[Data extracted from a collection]
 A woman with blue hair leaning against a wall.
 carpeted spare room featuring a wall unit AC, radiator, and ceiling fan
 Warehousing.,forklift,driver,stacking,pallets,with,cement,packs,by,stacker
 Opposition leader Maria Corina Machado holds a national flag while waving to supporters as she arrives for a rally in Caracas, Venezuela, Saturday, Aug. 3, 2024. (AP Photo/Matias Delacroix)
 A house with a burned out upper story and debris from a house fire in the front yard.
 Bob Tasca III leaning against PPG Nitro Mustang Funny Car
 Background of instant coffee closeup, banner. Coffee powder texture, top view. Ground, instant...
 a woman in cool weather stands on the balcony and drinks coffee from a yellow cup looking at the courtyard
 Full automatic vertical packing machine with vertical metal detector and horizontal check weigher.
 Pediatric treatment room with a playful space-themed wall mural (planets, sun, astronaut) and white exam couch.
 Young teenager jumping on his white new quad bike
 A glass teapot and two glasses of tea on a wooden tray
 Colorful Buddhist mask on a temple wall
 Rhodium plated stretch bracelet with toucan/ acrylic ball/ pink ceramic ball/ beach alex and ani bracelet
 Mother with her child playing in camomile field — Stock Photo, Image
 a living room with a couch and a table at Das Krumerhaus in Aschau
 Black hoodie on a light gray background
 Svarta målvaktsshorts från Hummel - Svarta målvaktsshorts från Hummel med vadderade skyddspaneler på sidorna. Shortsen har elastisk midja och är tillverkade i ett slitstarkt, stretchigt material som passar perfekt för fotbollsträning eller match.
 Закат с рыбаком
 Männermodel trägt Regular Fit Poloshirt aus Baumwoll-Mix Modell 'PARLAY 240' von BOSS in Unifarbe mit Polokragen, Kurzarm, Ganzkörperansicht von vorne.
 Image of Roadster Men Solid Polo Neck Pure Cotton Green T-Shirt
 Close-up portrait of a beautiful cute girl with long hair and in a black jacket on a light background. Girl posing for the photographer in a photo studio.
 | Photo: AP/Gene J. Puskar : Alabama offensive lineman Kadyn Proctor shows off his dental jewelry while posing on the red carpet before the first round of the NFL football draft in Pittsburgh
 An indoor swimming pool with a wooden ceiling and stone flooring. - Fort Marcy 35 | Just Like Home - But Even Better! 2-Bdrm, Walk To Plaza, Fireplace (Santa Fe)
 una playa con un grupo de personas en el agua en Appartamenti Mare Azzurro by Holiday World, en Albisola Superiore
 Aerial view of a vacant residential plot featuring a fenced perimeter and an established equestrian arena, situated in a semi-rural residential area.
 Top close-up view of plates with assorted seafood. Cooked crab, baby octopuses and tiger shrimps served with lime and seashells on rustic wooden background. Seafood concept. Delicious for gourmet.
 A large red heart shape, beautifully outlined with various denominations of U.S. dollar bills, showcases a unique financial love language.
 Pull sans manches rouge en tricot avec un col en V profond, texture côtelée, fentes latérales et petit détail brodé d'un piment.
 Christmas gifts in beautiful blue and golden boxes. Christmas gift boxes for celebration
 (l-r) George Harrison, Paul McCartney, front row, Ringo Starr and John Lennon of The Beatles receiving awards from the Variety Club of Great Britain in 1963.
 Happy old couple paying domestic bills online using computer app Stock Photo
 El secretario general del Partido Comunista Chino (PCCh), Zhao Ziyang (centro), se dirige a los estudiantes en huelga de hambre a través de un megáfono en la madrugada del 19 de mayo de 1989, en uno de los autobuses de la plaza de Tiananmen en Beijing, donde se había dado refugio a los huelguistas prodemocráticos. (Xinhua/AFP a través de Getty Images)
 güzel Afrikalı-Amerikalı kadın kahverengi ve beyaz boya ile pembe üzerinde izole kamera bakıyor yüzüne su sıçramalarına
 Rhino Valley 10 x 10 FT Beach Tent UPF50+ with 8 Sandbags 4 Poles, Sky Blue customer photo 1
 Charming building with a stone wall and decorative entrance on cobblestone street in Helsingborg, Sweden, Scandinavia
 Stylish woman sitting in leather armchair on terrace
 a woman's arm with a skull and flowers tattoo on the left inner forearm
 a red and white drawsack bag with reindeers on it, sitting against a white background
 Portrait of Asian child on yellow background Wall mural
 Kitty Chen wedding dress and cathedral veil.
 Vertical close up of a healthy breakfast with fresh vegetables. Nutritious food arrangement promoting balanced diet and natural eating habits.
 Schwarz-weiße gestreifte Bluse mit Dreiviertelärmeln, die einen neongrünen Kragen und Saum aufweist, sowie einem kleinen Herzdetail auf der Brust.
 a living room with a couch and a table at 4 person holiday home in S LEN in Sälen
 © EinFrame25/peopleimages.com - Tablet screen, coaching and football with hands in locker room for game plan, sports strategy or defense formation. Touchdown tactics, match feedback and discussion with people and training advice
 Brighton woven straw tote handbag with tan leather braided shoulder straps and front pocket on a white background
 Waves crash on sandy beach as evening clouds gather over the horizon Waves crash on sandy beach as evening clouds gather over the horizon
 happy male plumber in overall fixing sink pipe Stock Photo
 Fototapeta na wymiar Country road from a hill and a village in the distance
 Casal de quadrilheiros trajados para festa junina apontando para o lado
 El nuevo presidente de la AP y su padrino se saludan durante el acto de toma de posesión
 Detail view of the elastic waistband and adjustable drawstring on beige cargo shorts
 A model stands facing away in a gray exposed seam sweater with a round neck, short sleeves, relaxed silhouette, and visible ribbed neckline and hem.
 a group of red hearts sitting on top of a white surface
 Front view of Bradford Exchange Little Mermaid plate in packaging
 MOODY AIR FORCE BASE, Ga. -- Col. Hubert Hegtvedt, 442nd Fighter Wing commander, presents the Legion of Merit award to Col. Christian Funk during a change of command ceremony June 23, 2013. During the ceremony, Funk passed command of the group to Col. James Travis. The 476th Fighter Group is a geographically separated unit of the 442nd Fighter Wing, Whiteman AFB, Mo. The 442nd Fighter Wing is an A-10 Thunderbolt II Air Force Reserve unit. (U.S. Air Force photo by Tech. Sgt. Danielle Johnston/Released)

TO DO – Write out exactly the lines between the start of the entries and the line containing "Opposition leader Maria", including that line and the first one.

TASK ANSWER –
 A woman with blue hair leaning against a wall.
 carpeted spare room featuring a wall unit AC, radiator, and ceiling fan
 Warehousing.,forklift,driver,stacking,pallets,with,cement,packs,by,stacker
 Opposition leader Maria Corina Machado holds a national flag while waving to supporters as she arrives for a rally in Caracas, Venezuela, Saturday, Aug. 3, 2024. (AP Photo/Matias Delacroix)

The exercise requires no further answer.